▸ What is being asked
Report each line of the data that includes the word "Read".

▸ Data extract
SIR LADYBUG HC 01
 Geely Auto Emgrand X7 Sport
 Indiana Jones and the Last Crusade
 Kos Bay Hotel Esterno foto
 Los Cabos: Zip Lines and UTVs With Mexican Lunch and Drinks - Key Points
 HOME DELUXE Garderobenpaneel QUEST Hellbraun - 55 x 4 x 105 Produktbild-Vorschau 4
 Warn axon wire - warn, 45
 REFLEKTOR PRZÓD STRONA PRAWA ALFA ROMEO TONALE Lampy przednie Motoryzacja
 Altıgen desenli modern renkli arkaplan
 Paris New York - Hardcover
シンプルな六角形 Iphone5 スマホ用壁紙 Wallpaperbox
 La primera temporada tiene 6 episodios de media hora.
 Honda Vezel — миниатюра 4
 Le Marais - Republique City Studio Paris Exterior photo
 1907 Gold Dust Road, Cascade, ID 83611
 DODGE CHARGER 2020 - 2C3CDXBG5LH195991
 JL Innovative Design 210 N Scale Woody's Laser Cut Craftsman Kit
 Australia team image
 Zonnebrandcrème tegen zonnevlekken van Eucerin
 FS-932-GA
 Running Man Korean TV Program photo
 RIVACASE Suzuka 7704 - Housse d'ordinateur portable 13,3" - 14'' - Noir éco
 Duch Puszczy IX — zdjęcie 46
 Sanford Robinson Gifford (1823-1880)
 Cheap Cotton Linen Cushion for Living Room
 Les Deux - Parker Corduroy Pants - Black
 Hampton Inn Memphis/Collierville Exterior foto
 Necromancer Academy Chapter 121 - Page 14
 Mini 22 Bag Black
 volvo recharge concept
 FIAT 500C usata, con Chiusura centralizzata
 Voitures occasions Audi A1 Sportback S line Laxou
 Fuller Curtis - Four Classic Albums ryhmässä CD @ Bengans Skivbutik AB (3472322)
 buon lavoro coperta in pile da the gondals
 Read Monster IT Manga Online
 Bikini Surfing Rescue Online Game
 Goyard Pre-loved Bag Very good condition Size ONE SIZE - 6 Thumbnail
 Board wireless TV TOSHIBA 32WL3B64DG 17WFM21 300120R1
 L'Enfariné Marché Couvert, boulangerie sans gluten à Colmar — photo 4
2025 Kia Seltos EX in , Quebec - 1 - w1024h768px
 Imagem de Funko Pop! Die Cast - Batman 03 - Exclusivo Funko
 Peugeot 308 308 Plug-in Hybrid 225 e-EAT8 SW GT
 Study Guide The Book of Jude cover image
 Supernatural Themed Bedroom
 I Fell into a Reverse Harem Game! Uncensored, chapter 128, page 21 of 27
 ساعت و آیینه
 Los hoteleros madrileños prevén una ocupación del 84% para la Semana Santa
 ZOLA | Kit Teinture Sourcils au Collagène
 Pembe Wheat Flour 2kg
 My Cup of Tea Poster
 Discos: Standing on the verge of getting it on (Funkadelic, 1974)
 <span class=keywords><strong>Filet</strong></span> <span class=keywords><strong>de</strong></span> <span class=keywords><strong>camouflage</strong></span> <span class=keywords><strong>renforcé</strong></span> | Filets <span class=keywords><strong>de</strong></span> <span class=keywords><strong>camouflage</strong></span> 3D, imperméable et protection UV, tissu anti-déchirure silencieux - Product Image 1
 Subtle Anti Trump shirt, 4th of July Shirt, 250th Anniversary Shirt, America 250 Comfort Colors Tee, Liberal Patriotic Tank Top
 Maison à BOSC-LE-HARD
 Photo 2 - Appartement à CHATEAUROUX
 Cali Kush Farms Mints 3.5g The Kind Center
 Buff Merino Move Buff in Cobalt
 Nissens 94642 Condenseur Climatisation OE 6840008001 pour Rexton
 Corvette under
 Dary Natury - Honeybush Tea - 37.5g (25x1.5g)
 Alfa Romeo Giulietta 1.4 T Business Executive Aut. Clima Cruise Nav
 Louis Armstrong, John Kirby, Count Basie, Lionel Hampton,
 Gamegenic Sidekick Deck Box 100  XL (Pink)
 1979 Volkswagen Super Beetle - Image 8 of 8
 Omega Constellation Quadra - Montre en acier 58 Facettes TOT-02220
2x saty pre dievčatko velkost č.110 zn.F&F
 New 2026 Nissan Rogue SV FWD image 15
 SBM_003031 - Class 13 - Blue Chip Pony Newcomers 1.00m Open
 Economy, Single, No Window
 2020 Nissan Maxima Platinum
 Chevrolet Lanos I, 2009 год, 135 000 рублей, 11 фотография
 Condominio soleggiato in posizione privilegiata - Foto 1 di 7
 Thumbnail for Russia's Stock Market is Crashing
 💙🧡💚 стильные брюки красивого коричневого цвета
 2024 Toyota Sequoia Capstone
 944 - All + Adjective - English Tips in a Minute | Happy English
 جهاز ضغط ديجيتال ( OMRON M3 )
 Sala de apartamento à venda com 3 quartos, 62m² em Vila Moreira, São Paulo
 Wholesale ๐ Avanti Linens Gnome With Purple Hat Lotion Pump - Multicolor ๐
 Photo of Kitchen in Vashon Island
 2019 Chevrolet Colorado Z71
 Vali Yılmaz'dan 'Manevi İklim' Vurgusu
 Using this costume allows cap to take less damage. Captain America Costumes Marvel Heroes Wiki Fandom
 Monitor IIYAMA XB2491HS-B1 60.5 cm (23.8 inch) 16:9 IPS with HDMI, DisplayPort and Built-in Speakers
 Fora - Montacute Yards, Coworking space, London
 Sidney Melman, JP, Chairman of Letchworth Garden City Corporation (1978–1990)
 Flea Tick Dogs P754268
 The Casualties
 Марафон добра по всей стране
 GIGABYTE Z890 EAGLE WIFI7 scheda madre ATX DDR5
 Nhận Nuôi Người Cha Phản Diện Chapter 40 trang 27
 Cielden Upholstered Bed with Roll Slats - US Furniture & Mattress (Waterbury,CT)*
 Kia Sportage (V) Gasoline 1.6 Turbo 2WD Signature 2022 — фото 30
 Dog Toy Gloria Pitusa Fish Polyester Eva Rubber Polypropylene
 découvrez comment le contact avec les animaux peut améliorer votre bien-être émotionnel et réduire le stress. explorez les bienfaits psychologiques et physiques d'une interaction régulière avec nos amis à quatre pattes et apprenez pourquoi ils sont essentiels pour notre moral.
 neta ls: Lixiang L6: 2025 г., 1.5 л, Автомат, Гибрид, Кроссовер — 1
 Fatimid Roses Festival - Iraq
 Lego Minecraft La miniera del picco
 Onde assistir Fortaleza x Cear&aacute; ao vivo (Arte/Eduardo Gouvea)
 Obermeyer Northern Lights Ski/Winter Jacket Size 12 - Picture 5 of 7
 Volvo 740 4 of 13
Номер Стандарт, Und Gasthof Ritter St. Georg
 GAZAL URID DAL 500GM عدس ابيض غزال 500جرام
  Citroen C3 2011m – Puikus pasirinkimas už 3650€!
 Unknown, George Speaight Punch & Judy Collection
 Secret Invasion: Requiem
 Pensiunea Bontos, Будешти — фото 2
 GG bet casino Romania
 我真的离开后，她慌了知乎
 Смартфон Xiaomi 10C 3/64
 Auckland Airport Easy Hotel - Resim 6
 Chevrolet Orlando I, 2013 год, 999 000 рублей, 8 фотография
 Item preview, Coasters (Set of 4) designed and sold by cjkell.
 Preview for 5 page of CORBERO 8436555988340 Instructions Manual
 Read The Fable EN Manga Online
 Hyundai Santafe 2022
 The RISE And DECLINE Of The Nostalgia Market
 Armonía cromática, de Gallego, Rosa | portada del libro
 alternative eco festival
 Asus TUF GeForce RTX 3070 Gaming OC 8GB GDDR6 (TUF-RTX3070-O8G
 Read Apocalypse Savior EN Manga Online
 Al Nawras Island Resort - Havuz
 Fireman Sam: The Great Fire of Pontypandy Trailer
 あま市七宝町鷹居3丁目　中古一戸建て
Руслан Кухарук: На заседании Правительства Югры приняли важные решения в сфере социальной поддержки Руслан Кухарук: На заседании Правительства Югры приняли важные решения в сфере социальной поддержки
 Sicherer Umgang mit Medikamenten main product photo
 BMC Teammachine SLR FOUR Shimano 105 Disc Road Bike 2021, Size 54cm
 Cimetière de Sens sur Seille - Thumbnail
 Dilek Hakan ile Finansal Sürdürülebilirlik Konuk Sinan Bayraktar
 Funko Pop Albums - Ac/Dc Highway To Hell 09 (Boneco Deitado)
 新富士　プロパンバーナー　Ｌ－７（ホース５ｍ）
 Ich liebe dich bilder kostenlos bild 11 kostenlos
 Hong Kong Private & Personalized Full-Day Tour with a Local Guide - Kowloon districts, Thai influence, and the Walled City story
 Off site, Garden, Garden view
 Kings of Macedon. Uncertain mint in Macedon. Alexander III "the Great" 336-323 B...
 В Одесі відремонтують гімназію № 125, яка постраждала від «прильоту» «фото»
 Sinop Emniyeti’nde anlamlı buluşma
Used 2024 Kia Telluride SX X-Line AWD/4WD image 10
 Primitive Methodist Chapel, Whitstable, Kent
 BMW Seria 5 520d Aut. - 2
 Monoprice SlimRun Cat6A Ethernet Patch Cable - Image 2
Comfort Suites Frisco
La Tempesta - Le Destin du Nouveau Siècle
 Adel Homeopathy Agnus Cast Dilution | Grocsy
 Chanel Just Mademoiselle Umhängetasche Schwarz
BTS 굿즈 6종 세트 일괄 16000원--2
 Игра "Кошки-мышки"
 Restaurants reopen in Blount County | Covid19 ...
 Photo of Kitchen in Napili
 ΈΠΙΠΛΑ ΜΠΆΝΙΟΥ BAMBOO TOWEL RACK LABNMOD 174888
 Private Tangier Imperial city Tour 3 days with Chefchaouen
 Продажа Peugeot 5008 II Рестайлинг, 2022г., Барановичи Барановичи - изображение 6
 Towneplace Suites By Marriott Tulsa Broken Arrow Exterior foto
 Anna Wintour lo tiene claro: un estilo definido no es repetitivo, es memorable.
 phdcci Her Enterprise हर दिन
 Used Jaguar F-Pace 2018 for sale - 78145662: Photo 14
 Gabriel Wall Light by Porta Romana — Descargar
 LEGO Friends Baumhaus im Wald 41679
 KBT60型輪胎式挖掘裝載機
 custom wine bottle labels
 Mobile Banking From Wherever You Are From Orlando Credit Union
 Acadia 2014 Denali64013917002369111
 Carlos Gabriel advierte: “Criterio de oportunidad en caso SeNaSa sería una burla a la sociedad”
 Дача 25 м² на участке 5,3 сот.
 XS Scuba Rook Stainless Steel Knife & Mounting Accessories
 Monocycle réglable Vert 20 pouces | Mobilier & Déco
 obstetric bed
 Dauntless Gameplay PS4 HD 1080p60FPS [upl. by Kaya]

▸ Solution to this task
 Read Monster IT Manga Online
 Read The Fable EN Manga Online
 Read Apocalypse Savior EN Manga Online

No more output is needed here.